全能の神による創造

[2]聖書・・・人間にとって全ての総て:慈愛・規範

(1)絶対的な規範・指針

天地万物の創造の神の壮大な目的は、御姿を映して創造した人に、絶大な庇護を与え、地上で幸せないのちを楽しませることであった。この重要な土台が揺らぐと、全てのことが空中で泡沫と消え去って、全宇宙も、地球も、人も薄もやの掛かった状態の中に雲隠れしてしまう。そのような薄ぼんやりとした状態の中で、大いなる方に護られて存在し続けてきた人類は、しっかり眼を見開いて、耳をほじくって、頂いた聖書と真剣に向き合う必要がある。

聖書とは、無からすべてのものを創造なさった全能の神・創造主の著書である。人間の文字として記したのは確かに任命された人間ではあるが、著者は創造主である。聖書の「出エジプト記」を描いた映画「十戒」で、神がご自身の火の指で十戒を岩に刻み込んでモーセに与えられたと映像で表現されていたが、印象・概念としてはこのように受けとめても良いと思われる。

聖書には、創造の歴史及び人類の歴史の重要な出来事が赤裸々に記され、そして未来に対する重要な預言までが網羅されている。私たちの先祖の生き様の中に、今の自分たちの世界や自分自身の姿を垣間見ることが出来るが、神が歴史を紐解いて人類に語っておられる中に重要な教訓が盛り込まれているのである。

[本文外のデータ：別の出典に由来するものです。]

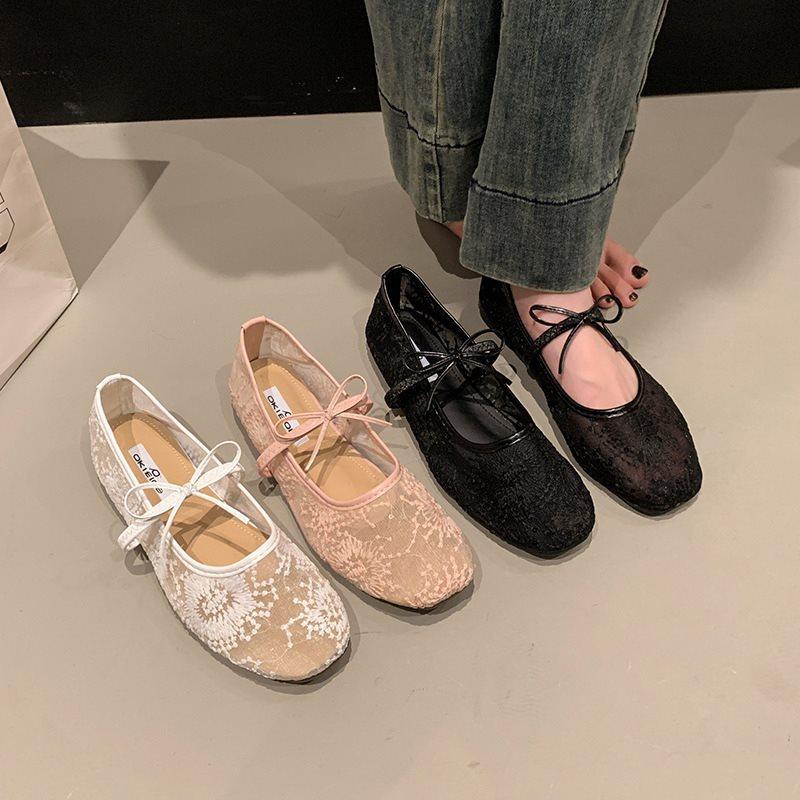 2025 square head spring summer evening shoes heightened breathable gentle women's shoes French mesh Mary Jane single shoes new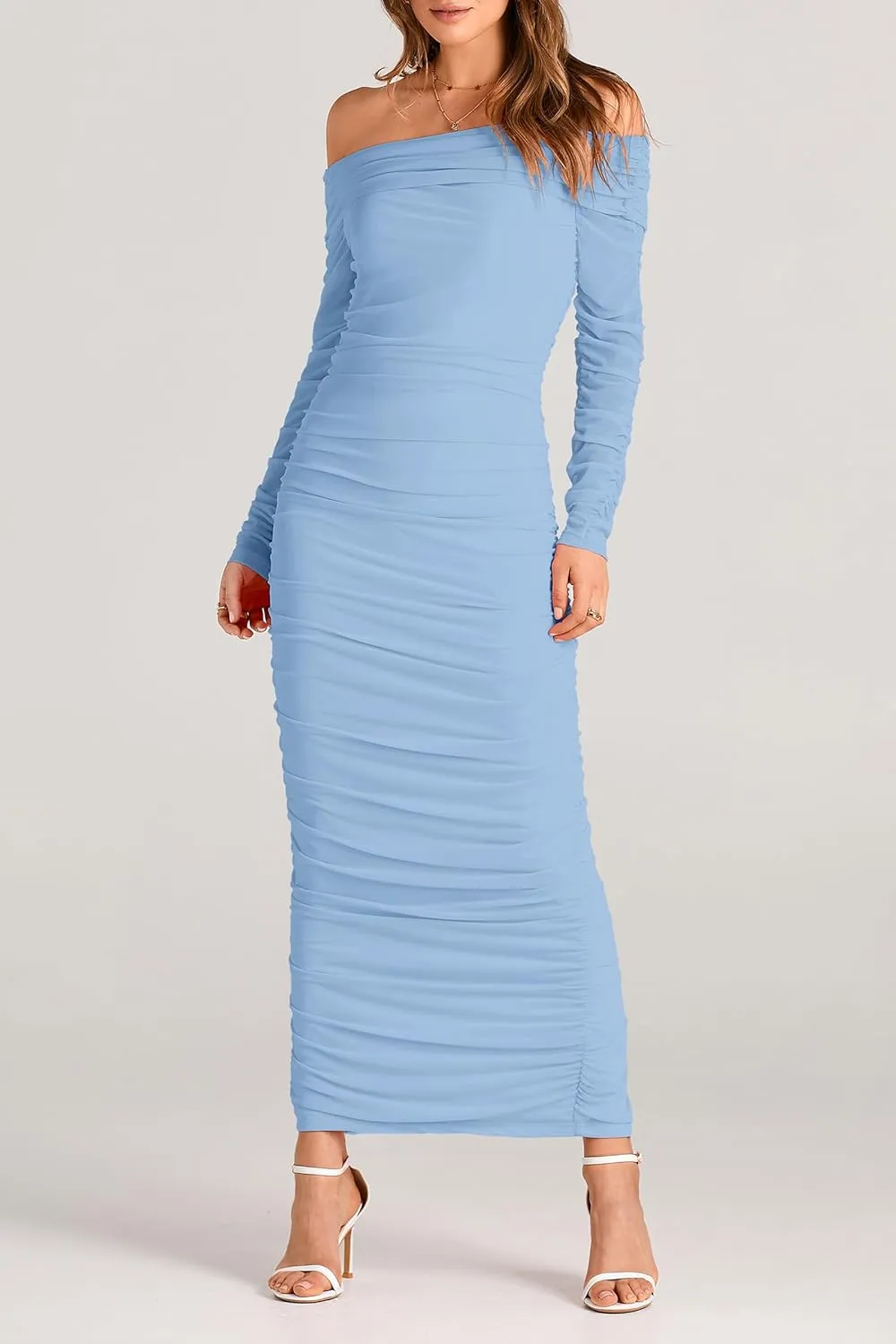 PRETTYGARDEN Women's Fall Off Shoulder Maxi Bodycon Dress Long Sleeve Ruched Fitted Club Dresses with Slit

聖書は歴史書以外に、心を和ませる詩があり、教えの書があり、預言書がある。イエスキリストの降臨により、創造主は人間に永遠の救いを与える新しい契約を用意して下さった。それぞれの書物は、創造主からの特別なメッセージを伝えているが、その核心を貫いているのは、まず神の慈悲・慈愛であり、そして尊い御姿に似せて創造された人間が、正しく幸せに生きるための指針・規範である。人間には必須の重要な命題に対して、正しい答えを与えている唯一の書物が聖書なのである。

キリスト教国はもとよりのこと、キリスト信仰には背を向けている日本でさえ、「聖書・バイブル」という言葉は、「正しい基準」という意味で用いられることが多い。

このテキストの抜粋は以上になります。